Thursday, April 30, 2020

A couple of favorites

I was texting a friend the other day about wet flies.  He had seen that I was tying some and mentioned that his favorites were the gold-ribbed hares ear and the royal coachmen. I have fished the gold-ribbed hare's ear in the Adirondack ponds but it's been a while since I fished it elsewhere.  That got me thinking that I should get out and fish one.  I fished one single hare's ear on my last outing, reminding myself that I should pull one out more often (previous post)!

I used to fish the royal coachmen wet in the Adirondacks when I first started fishing up there.  Adirondack brook trout seem to love red and white. In the Adirondacks, I find that fish will take a dry just as well so I've switched over to fishing a wulff version mostly for the fun of watching this fish slam a dry fly.

Stay well !

Monday, April 27, 2020

Wild things

It was good to be outside and to enjoy the sun, the sights and sounds of the woodlands in spring, to see the wildflowers breaking through the leaf litter and to hear birdsong in the trees.  Even the bluebirds were active building there nests.
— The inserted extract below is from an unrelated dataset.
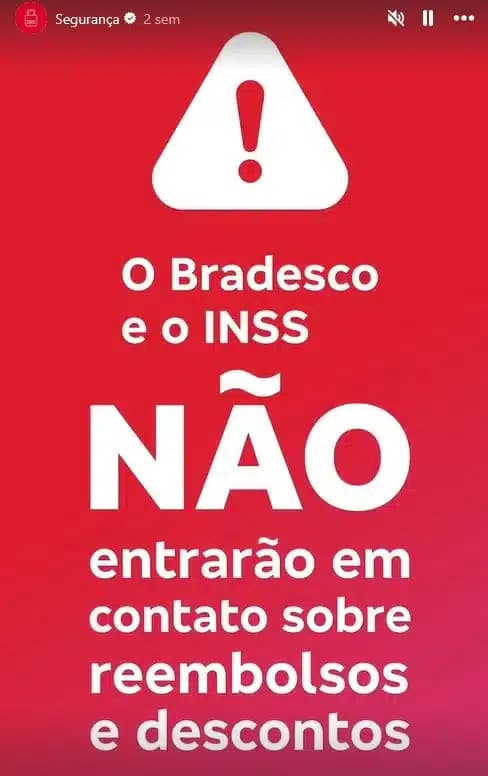 Comunicado do Bradesco (Foto: Reprodução / Instagram)
Comunicado do Bradesco (Foto: Reprodução / Instagram)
I spent a morning walking a long a small stream and taking in all in.  The trout lily, trillium, bellwort, and wood sorrel were all blooming.

A single classic gold-ribbed hare's ear was all the was needed.

Friday, April 24, 2020


I've been having some fun tying some classic wet flies and thought I would play around with some color.  This fly doesn't have a name and any resemblance to a known fly is purely by coincidence.  I thought the claret body and gold ribbing would compliment each other nicely.
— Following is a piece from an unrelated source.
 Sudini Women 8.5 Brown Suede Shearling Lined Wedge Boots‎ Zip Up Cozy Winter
If it looks like a fly you know, please leave a comment!

Friday, April 17, 2020

The Bergman wet flies - Fin flies

Among the color plates in Ray Bergman's Trout are a number of married wing wet flies.  These are made by "marrying" multiple slips of dyed duck or turkey quill feather together.  I prefer to use duck quill because I am tying on smaller hooks (#8-12).  The individual feather fibers have micro barbs that allow them to adhere to one another if they are placed carefully together.

One of the most striking married wing patterns are variations of the brook trout "fin" such as tthe Fontinalis Fin.  The wing uses orange, black, and white fibers to produce a wing that resembles a brook trout fin.  The legend goes that you could catch a brook trout with a fin on a hook.  The variation you see here has no tail, uses an orange floss body, fine silver oval tinsel tag and ribbing and soft orange saddle hackle for the throat.  The combination is quite stunning.

Has anyone caught a brook trout on a "fin" fly?  I hope everyone is doing well during this time we when we are spending more time at home!

Tuesday, April 14, 2020

Bergman wet flies - the Alexandra

I've been tying some classic wet flies from the color plates in Ray Bergman's Trout.  I've always enjoyed thumbing through the plates and looking at the colorful wet flies of an age gone by.  I am sure a few people still fish these flies but I would be willing to bet that they are the rare exception

One pattern that has always intrigue me is the Alexandra with it's peacock herl wings and I've been curious to give this late 19th century Scottish fly a try.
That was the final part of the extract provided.